New Media faculty train curators to make a museum app
For the 2020 Maine Archives and Museums conference on October 8th, New Media professor Jon Ippolito offers a virtual but hands-on workshop that walks curators through making an iPhone or Android app to engage visitors with their collections.
Workshop participants will create a scavenger hunt app that prompts visitors to find and check off artifacts on display. The app will be based on the free, versatile React Native framework used by Facebook, Instagram, and other prominent companies. Participants will learn the basics of React Native’s HTML-like tags, customize them to fit their collection, and test-drive this new app on their own Android or iOS device.
Ippolito also authored “Shuttered Gallery to Virtual Museum,” the cover story of the August 2020 Maine Archives and Museums Quarterly. The article surveys digital strategies for engaging visitors when your institution is closed, from simple Web pages to augmented reality apps.
The article describes an innovative project by Still Water Senior Researcher John Bell to create a three-dimensional version of a painting that has confounded art historians for decades.
John Bell is working with Dartmouth’s Karolina Kawiaka on a project that could let viewers step inside one of the world’s most famous paintings.
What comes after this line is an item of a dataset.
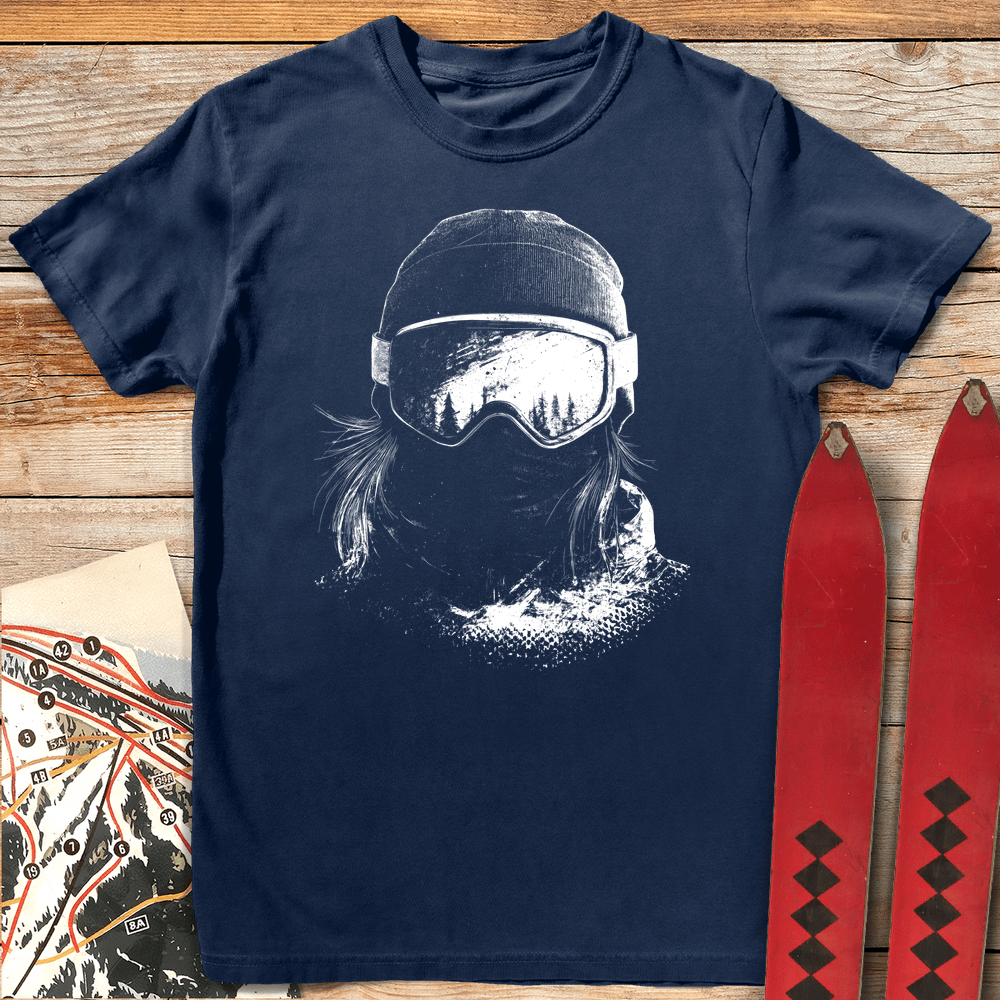 Powder Warrior product image 3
A pinnacle of Baroque painting, Diego Velazquez’ 1656 Las Meninas has stumped generations of art historians who’ve tried to interpret its deceptively straightforward-looking perspective….Now Bell and Kawiaka are re-creating the room depicted in Las Meninas in virtual reality, populating this digital architecture with each of the figures to match the positions and angles implied by the canvas.
The article concludes with instructions on creating 3d models of objects in your collection with nothing more than your smartphone, drawn from an assignment for the introductory course in the University of Maine’s all-online Digital Curation graduate program.